Na sequência, a servidora passou a palavra ao desembargador do TRT-9 Ricardo Tadeu Marques da Fonseca, primeiro magistrado cego do Brasil e autor da proposta legislativa sobre reserva de vagas em concurso público para deficientes. Ele discorreu sobre opapel do Poder Judiciário na inclusão no trabalho de pessoas com deficiência, focando suas palavras nas legislações referentes ao tema. “Estamos falando de emancipação de um cidadão que, por deficiência da sociedade, não consegue exercer plenamente sua cidadania”, comentou. 

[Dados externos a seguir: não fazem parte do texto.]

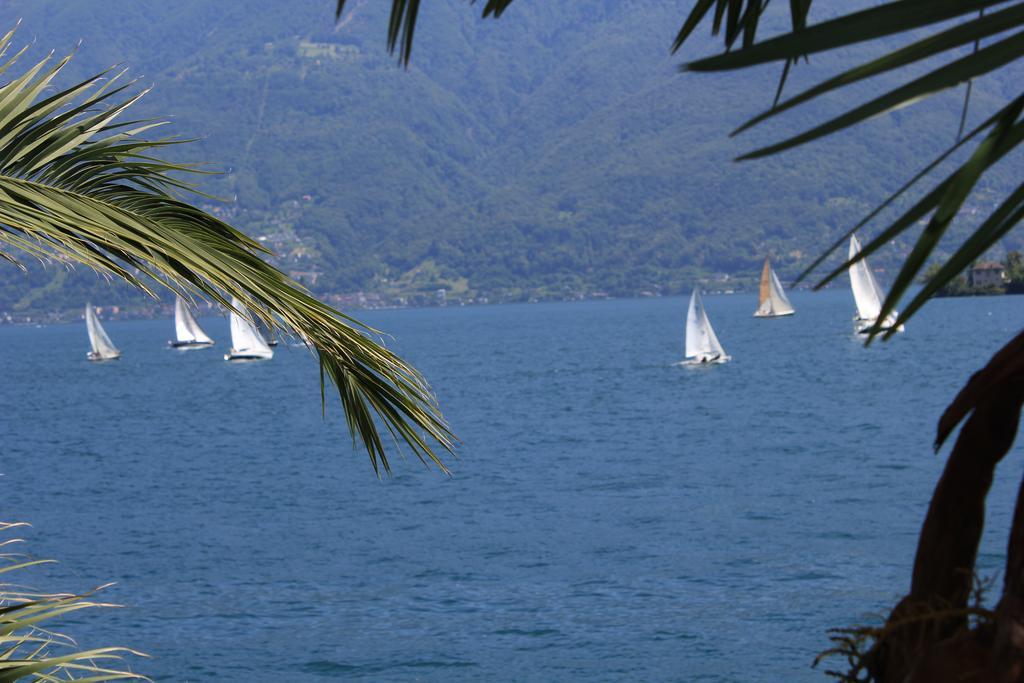 Apartamento Casa San Martino Ronco sopra Ascona Exterior foto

Encerrando o ciclo de palestras, foi exposto o “projeto de dominar o mundo”, do jornalistaJairo Marques, cadeirante, colunista e chefe de reportagem da Folha de S.Paulo, idealizador do blog Assim como Você. Ele deu exemplos de pessoas com deficiência que superaram as dificuldades e se tornaram referência de sucesso na vida profissional. “Quando você coloca uma pessoa com deficiência no ambiente de trabalho, você causa uma revolução. Um cão-guia, por exemplo, às vezes aproxima pessoas que nunca se falaram”, disse. 

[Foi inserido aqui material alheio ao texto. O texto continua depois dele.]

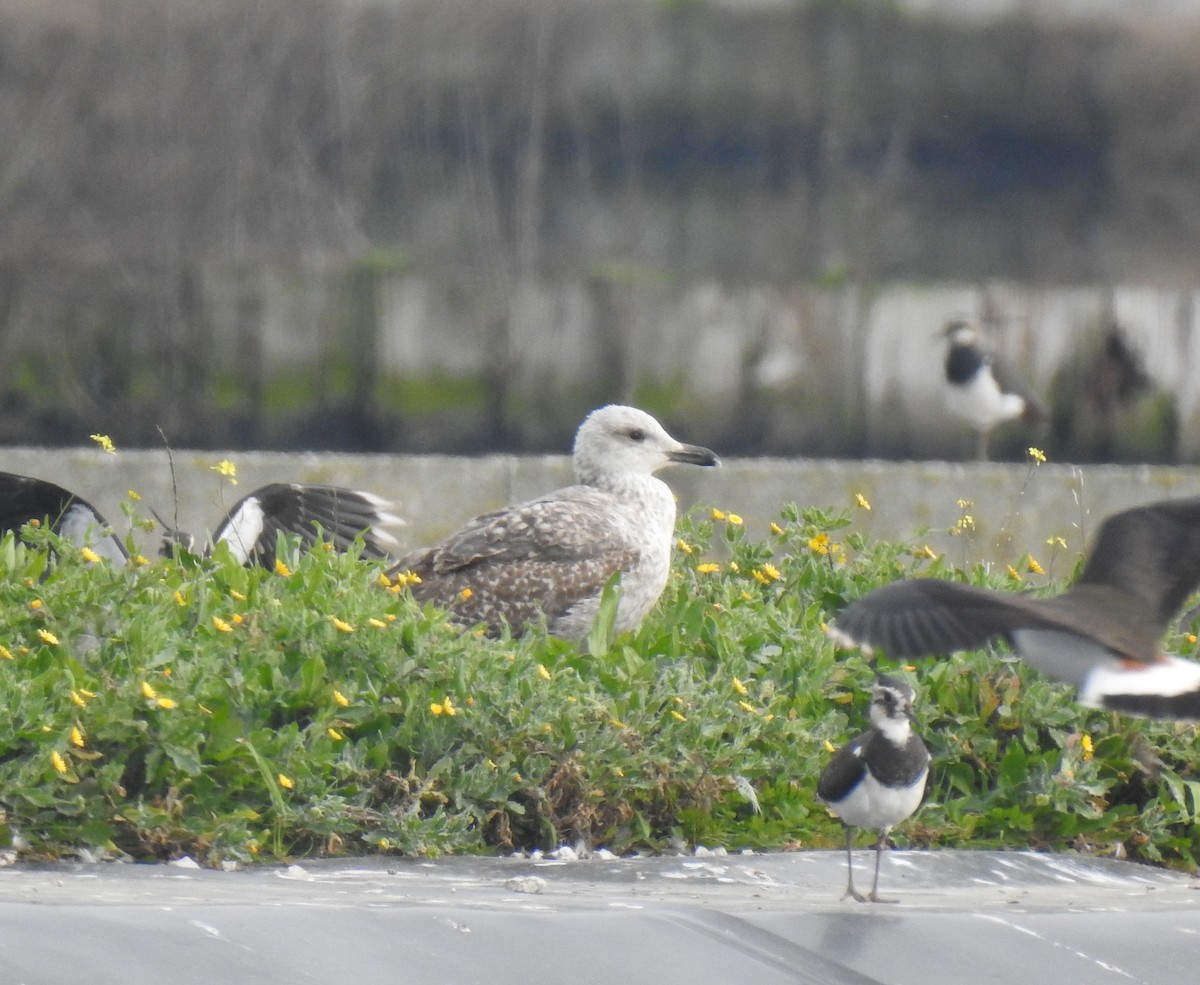 Yellow-legged/Lesser Black-backed Gull - ML613027396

E para encerrar o primeiro dia, música. Renato José, deficiente visual e violonista erudito, interpretou Canários, de Gaspar Sans. Antes de descer do palco, foi conclamado a interpretar mais uma música em seu violão, fazendo os presentes saírem do ambiente leves com as melodias suaves dedilhadas por ele. 


Experiência sensorial 


Entre uma palestra e outra, foi proposta ao público uma experiência sensorial. Todos no auditório fecharam os olhos, e foram sendo descritas cenas de uma apresentação no datashow. Foi uma forma de fazer todos sentirem um pouco a experiência de uma audiodescrição. 


Além da experiência sensorial, ao abrir os olhos todos “reviram” a apresentação. Tratava-se de uma mensagem deAntônia Yamashita, mãe de Lucas, criança cadeirante. Ambos estavam presentes e foram apresentados ao público. Em suas palavras, Yamashita falou das mudanças em sua vida com a chegada do pequeno Lucas. “Uma pessoa com deficiência não é uma carga pesada numa família. Isso depende de como você vê a deficiência. Hoje sou uma pessoa muito melhor, graças ao meu filho!”, disse, em tom emocionado.

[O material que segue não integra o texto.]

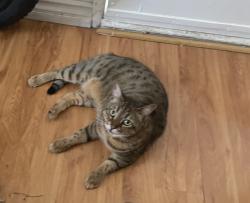 Reunited Female Cat last seen Rosecrans Ave, Manhattan Beach, CA 90266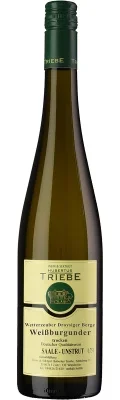 Wein Saale Unstrut Weißwein Weißburgunder 2024 trocken Weingut Hubertus Triebe Deutscher Qualitätswein Wetterzeuber Droyßiger Berge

Painel sobre a Lei de Cotas será uma das atrações do segundo e último dia


Às 17h desta quinta-feira (18), iniciam-se as atividades no auditório do 1º subsolo do fórum com a apresentação do coral de surdos Mãos que Cantam e Encantam. Em seguida, será a vez do depoimento intitulado O amor, a escuridão e o silêncio, do casal de surdo-cegos Cláudia Sofia Indalécio e Carlos Jorge Wildhagem Rodrigues.


Dando prosseguimento às atividades e encerrando o evento, acontece o painel Inclusão e trabalho – implicações da Lei de Cotas, que tratará de questões que dificultam a aplicabilidade da Lei de Cotas, como a frequente alegação dos empregadores de que inexistem pessoas com deficiência capacitadas a serem contratadas.


Participarão da Mesa a desembargadora Ana Maria Contrucci Brito Silva, presidente da Comissão de Acessibilidade do TRT-2; Marcos Neves Fava, juiz do trabalho titular da 89ª Vara do Trabalho de São Paulo; Paulo Sérgio João, advogado, professor da PUC-SP e da Fundação Getúlio Vargas; João Ribas, doutor em ciências sociais pela USP, coordenador do Programa Serasa de Empregabilidade de Pessoas com Deficiência, empresa modelo em acessibilidade, inclusão e empregabilidade; e Ricardo Tadeu Marques da Fonseca, desembargador do TRT-9, ex-chefe da Procuradoria Regional do Trabalho da 15ª Região, primeiro magistrado cego do Brasil.